In addition, we can check how many records come from particular systems by adding one more condition to the query:

In [None]:
q1 = Q('ResearchSubject.Specimen.primary_disease_type = "Nevi and Melanomas"')
q2 = Q('ResearchSubject.Diagnosis.age_at_diagnosis < 30*365')
q3 = Q('ResearchSubject.Specimen.identifier.system = "GDC"')

q = q1.And(q2.And(q3))
r = q.run()

print(r)

By comparing the ```Count``` value of the two results we can see that all the patients returned in the initial query are coming from the GDC.

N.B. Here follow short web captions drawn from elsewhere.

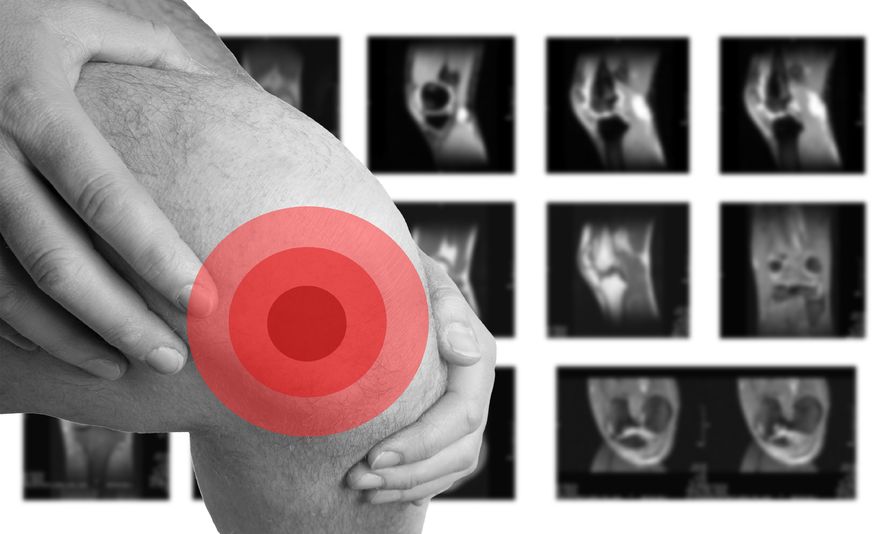 膝关节积液运动会导致积液变多吗,膝关节积液可以用拔罐清除积液吗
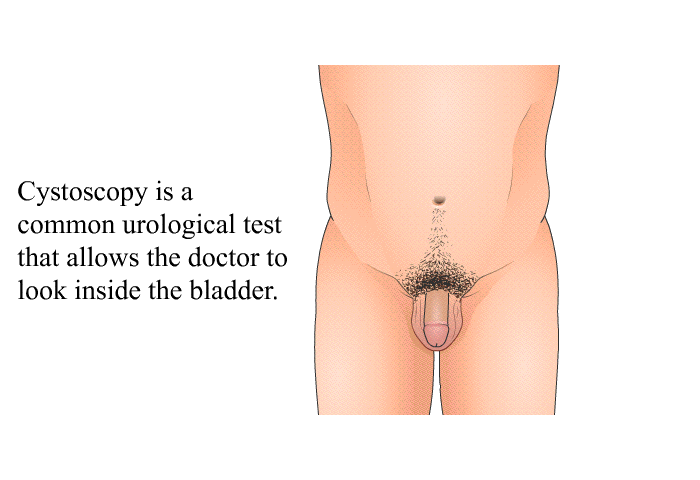 Cystoscopy is a common urological test that allows the doctor to look inside the bladder.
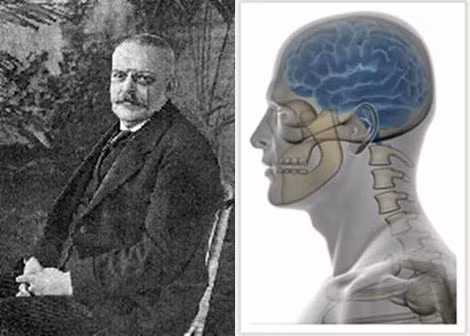 Bác sĩ A. Alzheimer, người đã khám phá ra "căn bệnh của thế kỷ XXI" (ảnh trái). Não người nhiễm chứng Alzheimer.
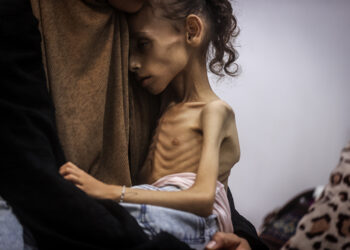 İsrail’in kıtlığa sürüklediği Gazze’de 9 yaşındaki Meryem, 25 kilodan 10 kiloya düştü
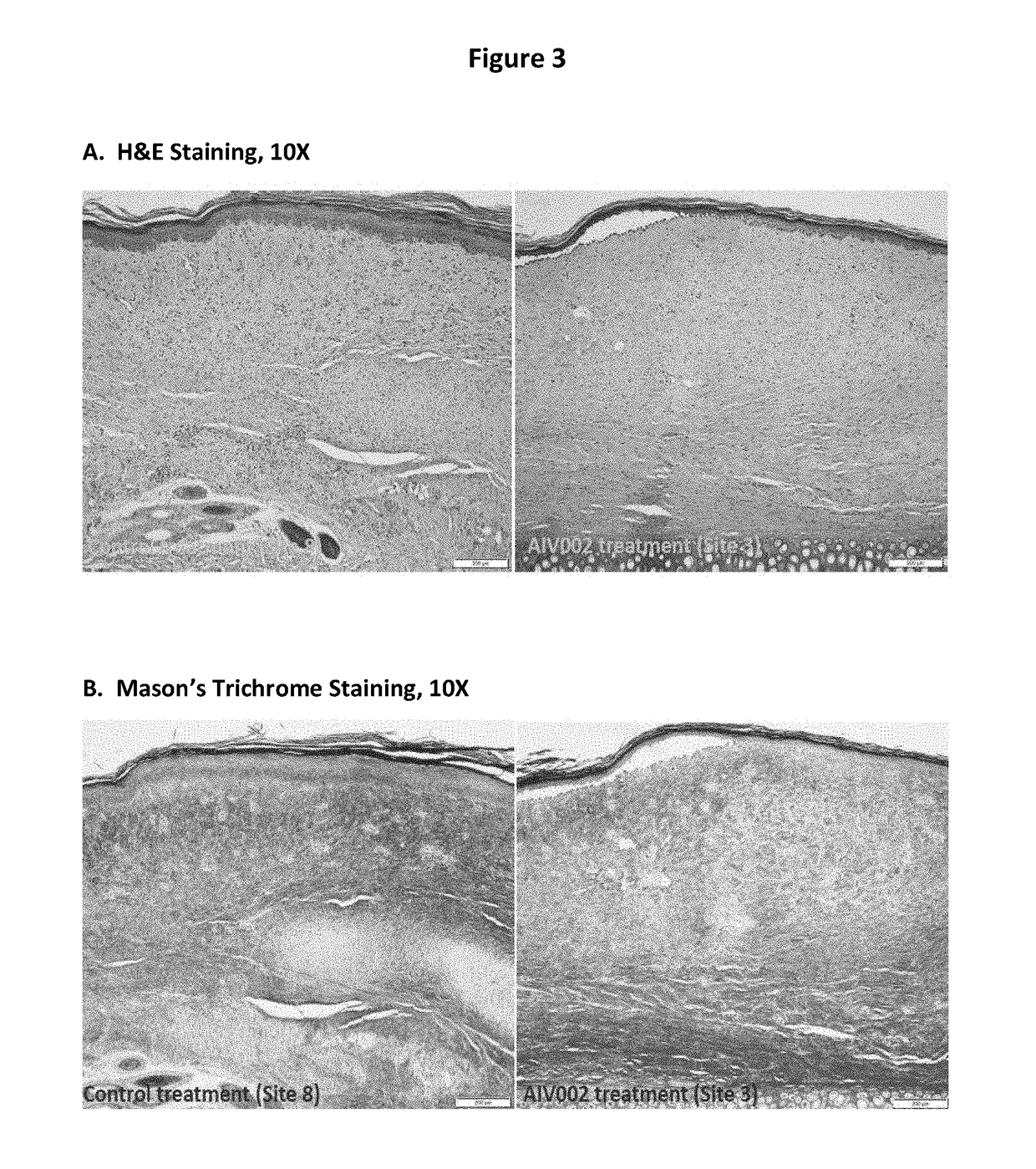 Compositions and methods of treating dermal fibrotic disorders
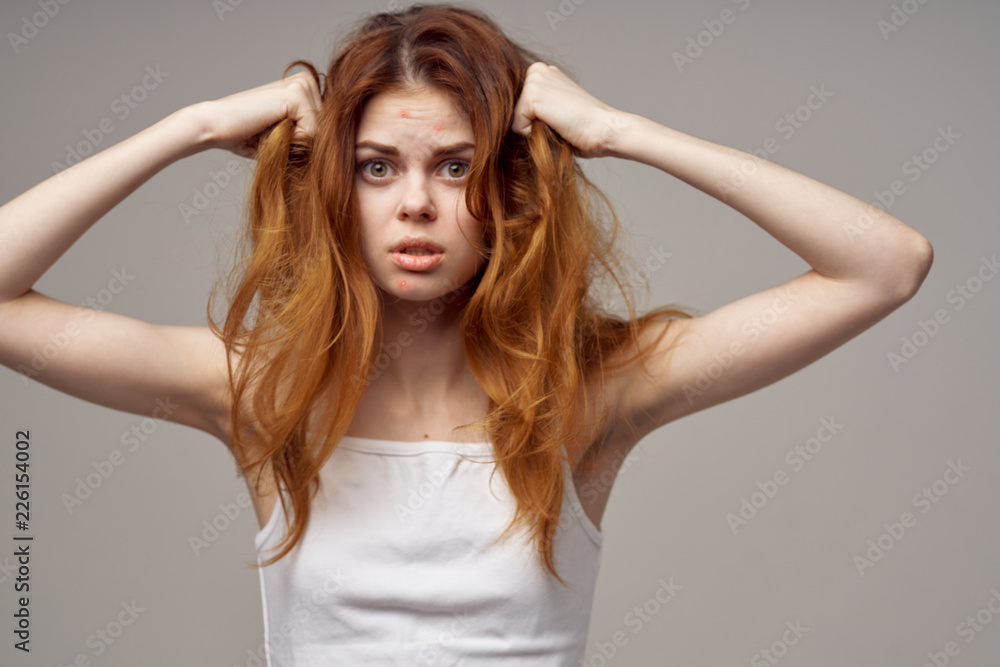 woman with big eyes on acne face woman with big eyes on acne face
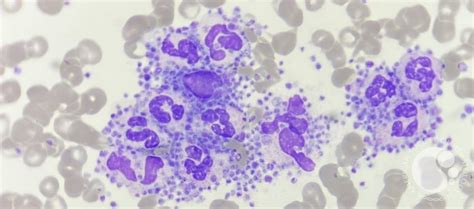 Platelet satellitism around leucocytes 2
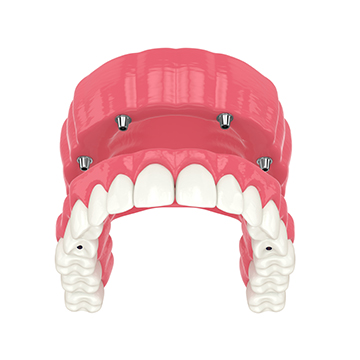 All on 4 Denture Implant Service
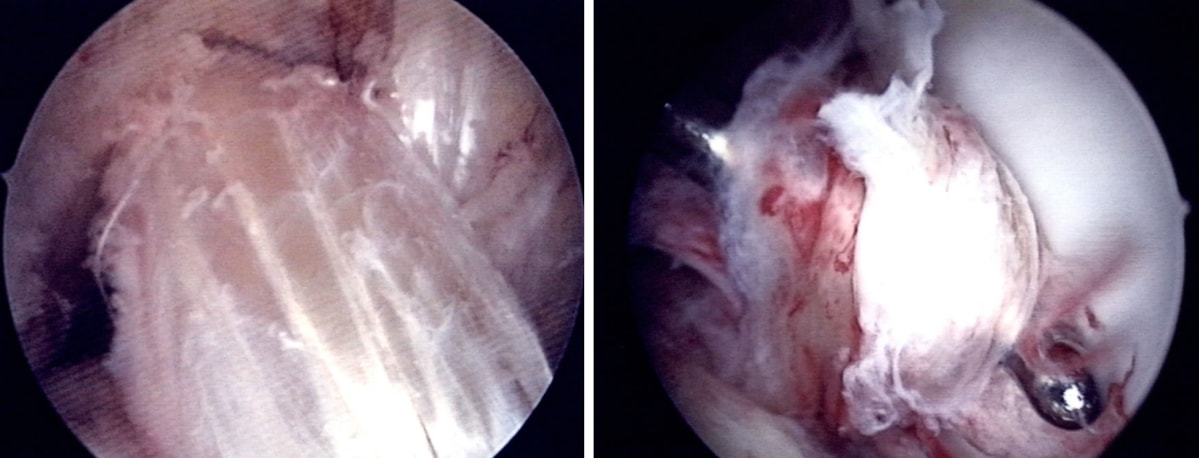 Arthroskopie: Bild eines gerissenen vorderen Kreuzbandes (links) und eines rekonstruierten Kreuzbandes (rechts)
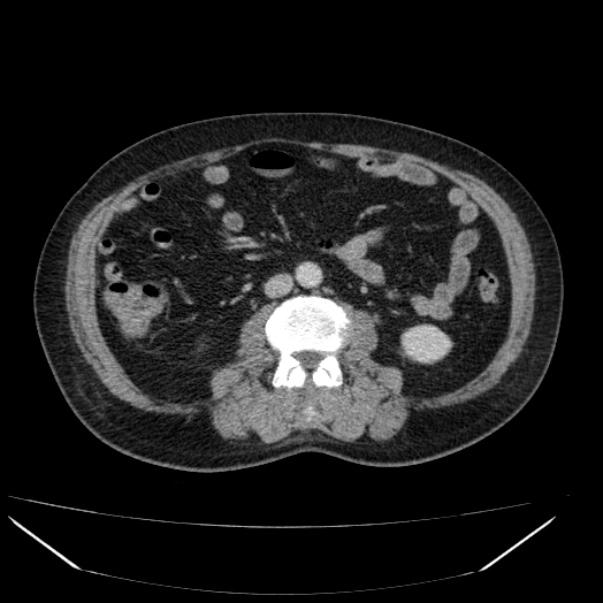 Viêm túi mật hoại tử (Gangrenous cholecystitis)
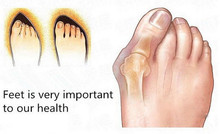  Bone thumb Broadhurst day and night orthotast of recitification toes hallux valgus correction foot care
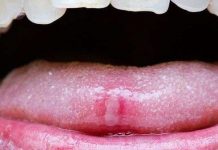 Nhiều người rất hay cắn nhầm phải lưỡi và lý do là...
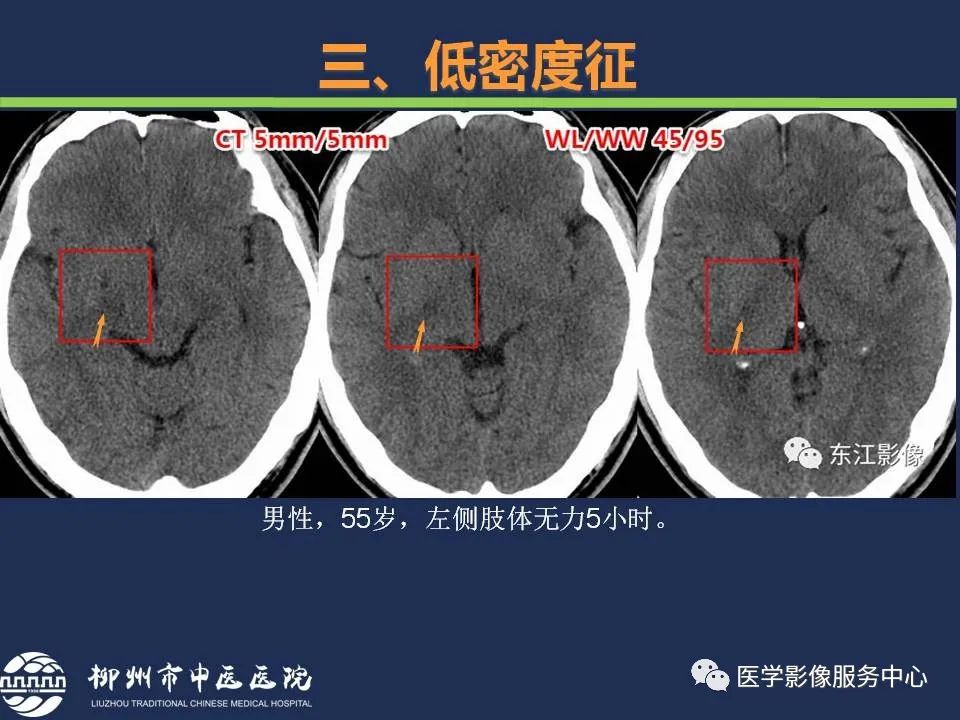 【PPT】超早期脑梗死CT征象-40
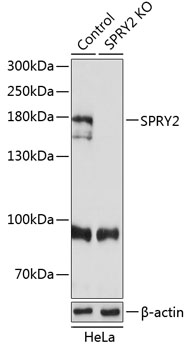 Anti-SPRY2 Antibody [KO Validated] (CAB19991)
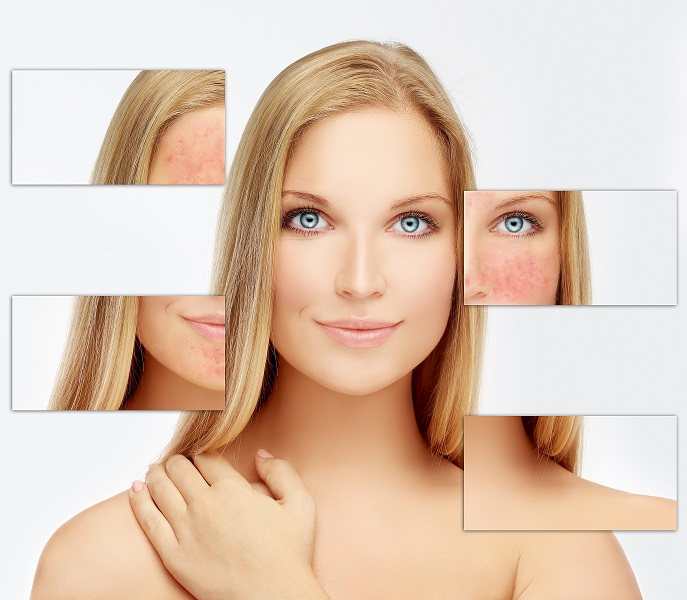 Rojeces y cuperosis o rosacea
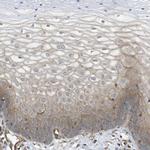 ZDHHC5 Antibody in Immunohistochemistry (IHC)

To explore the results further, we can fetch the patient JSON objects by iterating through the results:

In [None]:
projects = set()

for patient in r:
    research_subjects = patient['ResearchSubject']
    for rs in research_subjects:
        projects.add(rs['member_of_research_project'])

print(projects)

The output shows the projects where _Nevi and Melanomas_ cases appear.

### Query 3

**Identify all samples that meet the following conditions:**

* **Sample is from primary tumor**
* **Disease is ovarian or breast cancer**
* **Subjects are females under the age of 60 years**

In [None]:
tumor_type = Q('ResearchSubject.Specimen.source_material_type = "Primary Tumor"')
disease1 = Q('ResearchSubject.primary_diagnosis_site = "Ovary"')
disease2 = Q('ResearchSubject.primary_diagnosis_site = "Breast"')
demographics1 = Q('sex = "female"')
demographics2 = Q('days_to_birth > -60*365') # note that days_to_birth is a negative value

q1 = tumor_type.And(demographics1.And(demographics2))
q2 = disease1.Or(disease2)
q = q1.And(q2)

r = q.run()
print(r)

In this case, we have a result that contains more than 1000 records which is the default page size. To load the next 1000 records, we can use the ```next_page()``` method:

In [None]:
r2 = r.next_page()

In [None]:
print(r2)

Alternatively, we can use the ```offset``` argument to specify the record to start from:

```
...
r = q.run(offset=1000)
print(r)
```

### Query 4

**Find data for donors with "Ovarian Serous Cystadenocarcinoma" with proteomic and genomic data.**

**Note that disease type value denoting the same disease groups can be completely different within different systems. This is where CDA features come into play.** We first start by exploring the values available for this particular field in both systems.

In [None]:
unique_terms('ResearchSubject.primary_diagnosis_condition', system="GDC")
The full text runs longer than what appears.